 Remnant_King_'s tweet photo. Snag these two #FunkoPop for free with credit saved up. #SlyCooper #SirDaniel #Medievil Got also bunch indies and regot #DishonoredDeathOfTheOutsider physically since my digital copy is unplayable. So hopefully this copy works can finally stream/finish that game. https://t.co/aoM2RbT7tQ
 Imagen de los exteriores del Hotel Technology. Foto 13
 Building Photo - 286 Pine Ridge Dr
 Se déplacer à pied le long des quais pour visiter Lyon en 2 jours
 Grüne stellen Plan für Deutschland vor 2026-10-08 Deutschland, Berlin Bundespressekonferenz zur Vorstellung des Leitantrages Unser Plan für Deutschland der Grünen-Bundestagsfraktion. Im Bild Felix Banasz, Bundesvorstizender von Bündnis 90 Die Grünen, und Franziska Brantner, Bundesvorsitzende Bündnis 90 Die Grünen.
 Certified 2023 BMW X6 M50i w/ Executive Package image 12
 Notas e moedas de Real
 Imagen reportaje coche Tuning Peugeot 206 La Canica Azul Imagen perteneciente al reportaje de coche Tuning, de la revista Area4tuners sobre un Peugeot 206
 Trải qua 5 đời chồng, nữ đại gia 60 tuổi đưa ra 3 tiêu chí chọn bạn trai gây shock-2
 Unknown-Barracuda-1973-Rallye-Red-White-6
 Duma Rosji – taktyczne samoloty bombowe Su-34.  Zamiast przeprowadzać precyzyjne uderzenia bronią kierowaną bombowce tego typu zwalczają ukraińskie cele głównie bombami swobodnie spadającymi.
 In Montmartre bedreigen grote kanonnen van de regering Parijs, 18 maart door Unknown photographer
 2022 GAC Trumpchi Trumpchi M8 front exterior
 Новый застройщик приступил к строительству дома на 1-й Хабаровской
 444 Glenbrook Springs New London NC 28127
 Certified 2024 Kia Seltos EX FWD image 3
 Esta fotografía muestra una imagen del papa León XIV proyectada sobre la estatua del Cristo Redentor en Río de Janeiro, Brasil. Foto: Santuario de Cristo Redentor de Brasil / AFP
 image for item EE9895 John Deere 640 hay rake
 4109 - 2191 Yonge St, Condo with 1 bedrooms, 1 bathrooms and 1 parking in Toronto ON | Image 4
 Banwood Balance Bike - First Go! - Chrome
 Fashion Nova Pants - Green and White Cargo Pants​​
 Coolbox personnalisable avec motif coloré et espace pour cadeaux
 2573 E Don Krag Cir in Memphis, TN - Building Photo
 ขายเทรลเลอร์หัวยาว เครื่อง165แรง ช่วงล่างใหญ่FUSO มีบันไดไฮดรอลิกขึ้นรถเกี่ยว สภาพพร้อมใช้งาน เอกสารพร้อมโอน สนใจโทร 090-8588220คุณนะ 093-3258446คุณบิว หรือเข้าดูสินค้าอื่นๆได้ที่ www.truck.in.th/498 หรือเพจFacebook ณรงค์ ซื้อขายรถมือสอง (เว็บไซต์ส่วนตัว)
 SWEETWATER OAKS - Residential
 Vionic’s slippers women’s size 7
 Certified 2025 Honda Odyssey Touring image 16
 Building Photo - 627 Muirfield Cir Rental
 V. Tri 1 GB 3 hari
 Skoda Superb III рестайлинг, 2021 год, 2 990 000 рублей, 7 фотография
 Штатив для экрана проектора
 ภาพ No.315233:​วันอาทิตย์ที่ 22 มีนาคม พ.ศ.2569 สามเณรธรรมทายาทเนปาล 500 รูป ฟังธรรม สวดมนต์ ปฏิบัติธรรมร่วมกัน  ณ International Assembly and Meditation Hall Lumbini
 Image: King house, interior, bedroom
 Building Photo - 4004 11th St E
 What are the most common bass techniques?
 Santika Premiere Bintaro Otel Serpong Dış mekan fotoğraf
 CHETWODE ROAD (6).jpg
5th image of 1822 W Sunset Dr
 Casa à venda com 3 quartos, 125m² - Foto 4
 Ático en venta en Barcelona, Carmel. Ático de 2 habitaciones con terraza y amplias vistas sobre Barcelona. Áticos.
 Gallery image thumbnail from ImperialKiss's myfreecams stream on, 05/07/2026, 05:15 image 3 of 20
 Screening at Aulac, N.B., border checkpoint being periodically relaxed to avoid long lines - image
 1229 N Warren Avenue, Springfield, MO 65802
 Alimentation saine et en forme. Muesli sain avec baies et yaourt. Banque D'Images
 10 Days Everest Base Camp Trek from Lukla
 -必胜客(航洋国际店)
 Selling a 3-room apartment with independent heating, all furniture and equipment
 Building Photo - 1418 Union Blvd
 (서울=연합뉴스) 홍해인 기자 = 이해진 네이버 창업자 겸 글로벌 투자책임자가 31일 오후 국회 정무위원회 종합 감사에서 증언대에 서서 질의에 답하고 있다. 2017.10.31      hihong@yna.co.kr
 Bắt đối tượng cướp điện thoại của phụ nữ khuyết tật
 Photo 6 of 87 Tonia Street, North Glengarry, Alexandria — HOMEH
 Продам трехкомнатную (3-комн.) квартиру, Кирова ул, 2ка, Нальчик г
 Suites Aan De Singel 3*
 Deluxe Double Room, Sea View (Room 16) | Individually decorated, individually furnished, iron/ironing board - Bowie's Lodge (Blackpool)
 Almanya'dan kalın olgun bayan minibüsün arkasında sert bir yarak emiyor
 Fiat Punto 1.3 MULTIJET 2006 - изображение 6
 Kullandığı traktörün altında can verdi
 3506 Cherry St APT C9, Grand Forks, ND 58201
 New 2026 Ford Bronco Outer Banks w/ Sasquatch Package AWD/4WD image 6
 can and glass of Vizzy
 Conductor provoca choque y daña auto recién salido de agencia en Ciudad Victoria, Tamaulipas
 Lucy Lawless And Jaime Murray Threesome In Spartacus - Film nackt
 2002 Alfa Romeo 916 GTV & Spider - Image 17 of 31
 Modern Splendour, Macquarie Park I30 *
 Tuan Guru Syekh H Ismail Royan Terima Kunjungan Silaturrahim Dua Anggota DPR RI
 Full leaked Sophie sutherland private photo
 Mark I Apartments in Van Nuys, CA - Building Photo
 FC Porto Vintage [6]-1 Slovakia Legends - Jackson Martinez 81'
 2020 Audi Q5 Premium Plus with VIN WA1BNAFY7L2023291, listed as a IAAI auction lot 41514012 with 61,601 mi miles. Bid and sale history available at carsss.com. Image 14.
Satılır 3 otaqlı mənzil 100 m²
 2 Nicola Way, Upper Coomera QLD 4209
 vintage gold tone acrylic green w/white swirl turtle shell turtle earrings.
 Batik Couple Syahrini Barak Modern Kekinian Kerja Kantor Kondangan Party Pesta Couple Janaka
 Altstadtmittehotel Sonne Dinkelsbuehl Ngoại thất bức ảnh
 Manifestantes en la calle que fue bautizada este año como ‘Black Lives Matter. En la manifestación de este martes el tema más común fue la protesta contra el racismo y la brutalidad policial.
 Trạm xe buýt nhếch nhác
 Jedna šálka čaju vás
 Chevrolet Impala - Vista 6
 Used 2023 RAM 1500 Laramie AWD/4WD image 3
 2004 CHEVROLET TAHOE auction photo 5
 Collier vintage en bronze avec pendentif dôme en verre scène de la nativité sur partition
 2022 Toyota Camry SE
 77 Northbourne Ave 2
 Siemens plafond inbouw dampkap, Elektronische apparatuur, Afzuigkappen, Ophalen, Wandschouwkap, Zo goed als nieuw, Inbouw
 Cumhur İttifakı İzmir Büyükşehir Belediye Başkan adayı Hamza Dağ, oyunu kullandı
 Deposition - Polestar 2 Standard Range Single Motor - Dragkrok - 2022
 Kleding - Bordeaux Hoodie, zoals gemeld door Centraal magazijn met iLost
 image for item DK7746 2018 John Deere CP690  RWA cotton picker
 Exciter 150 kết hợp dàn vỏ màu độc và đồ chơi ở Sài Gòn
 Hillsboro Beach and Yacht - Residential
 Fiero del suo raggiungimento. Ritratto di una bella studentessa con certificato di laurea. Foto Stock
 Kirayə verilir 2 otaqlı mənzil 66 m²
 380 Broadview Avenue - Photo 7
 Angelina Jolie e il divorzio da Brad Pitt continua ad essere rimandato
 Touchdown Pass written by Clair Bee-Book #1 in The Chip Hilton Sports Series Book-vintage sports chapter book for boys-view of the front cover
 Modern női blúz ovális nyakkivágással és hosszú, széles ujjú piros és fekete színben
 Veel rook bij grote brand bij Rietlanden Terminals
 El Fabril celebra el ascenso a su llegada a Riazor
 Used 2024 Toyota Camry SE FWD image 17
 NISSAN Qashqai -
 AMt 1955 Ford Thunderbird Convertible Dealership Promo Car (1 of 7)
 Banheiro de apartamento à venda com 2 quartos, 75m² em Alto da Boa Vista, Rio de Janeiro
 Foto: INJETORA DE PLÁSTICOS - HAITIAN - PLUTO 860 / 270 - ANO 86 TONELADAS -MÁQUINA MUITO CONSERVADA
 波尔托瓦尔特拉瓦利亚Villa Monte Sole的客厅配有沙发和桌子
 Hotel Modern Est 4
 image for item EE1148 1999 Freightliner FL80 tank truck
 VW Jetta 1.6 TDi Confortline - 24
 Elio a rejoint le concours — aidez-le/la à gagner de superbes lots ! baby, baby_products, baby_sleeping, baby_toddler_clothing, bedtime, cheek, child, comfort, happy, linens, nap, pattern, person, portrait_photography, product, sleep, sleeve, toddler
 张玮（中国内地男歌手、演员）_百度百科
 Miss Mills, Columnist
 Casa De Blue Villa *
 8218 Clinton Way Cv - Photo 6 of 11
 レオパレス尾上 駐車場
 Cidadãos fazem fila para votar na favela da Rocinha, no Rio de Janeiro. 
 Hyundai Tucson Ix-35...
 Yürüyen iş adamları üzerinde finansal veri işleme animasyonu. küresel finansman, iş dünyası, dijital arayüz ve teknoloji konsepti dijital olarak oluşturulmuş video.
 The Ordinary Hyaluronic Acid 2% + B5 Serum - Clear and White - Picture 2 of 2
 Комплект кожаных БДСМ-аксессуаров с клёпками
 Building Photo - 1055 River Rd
------------------------------------
Exercise details >> From the entries above, return exactly the line containing "Certified 2024 Kia Seltos EX FWD image 3", the line containing "image for item EE9895", and all lines between, and nothing else.

Your solution >>
 Certified 2024 Kia Seltos EX FWD image 3
 Esta fotografía muestra una imagen del papa León XIV proyectada sobre la estatua del Cristo Redentor en Río de Janeiro, Brasil. Foto: Santuario de Cristo Redentor de Brasil / AFP
 image for item EE9895 John Deere 640 hay rake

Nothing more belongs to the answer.